- WHAT TO WORK ON
Output exactly the lines from the one holding "Wasservolleyball Set 244x64cm 52133" through the final line of the entries.

- SUPPLIED RECORDS
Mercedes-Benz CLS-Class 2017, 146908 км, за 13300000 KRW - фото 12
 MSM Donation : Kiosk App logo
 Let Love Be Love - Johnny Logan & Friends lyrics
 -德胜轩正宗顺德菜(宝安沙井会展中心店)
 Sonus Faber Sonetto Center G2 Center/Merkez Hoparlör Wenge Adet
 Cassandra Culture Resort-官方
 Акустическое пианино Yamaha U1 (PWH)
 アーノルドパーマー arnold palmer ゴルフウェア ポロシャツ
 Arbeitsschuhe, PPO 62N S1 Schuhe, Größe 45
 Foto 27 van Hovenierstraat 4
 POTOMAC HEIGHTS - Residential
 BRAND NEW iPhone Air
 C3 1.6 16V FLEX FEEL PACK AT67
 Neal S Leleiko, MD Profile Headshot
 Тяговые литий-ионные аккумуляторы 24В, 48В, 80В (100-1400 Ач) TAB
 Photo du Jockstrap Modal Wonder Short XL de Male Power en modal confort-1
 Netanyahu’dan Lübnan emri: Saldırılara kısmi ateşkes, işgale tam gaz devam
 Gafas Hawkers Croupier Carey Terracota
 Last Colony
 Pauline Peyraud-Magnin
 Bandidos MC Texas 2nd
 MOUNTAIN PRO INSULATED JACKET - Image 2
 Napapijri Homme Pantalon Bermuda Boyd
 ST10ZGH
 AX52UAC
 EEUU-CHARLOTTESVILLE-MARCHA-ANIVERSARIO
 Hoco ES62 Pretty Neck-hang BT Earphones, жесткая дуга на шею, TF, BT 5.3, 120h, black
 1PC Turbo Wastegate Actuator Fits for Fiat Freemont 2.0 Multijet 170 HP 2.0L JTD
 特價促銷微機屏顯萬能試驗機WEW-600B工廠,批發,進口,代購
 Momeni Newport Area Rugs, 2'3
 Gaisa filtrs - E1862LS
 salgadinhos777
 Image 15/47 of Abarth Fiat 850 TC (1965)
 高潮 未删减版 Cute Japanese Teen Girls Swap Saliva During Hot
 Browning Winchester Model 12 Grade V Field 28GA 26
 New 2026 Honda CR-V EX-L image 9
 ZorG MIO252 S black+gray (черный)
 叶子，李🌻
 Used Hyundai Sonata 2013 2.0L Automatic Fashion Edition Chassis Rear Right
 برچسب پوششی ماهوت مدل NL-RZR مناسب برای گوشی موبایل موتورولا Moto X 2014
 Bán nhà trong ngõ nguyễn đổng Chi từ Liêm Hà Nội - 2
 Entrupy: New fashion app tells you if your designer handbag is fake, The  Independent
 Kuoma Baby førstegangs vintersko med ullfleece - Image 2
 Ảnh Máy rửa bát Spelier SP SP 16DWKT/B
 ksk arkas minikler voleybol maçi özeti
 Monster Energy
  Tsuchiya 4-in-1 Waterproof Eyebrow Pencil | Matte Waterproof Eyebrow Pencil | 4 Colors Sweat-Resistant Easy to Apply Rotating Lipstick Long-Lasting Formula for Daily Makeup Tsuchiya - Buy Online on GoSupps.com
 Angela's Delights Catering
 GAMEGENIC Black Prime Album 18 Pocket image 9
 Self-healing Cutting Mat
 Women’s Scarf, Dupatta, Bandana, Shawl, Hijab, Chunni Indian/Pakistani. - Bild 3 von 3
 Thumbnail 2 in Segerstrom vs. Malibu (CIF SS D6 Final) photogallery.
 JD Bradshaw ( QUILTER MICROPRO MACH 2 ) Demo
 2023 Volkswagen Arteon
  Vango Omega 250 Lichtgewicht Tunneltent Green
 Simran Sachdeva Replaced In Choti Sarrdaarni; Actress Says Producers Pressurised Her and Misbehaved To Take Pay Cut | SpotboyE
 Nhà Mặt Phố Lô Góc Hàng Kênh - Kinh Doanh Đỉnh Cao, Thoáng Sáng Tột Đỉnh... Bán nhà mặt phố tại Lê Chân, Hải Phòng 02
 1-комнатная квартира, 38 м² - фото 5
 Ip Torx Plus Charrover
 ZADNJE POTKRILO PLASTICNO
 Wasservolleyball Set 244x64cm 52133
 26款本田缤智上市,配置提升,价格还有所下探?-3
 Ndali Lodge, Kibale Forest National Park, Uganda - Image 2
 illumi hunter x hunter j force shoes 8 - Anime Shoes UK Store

- SOLUTION FOR THIS PROBLEM
 Wasservolleyball Set 244x64cm 52133
 26款本田缤智上市,配置提升,价格还有所下探?-3
 Ndali Lodge, Kibale Forest National Park, Uganda - Image 2
 illumi hunter x hunter j force shoes 8 - Anime Shoes UK Store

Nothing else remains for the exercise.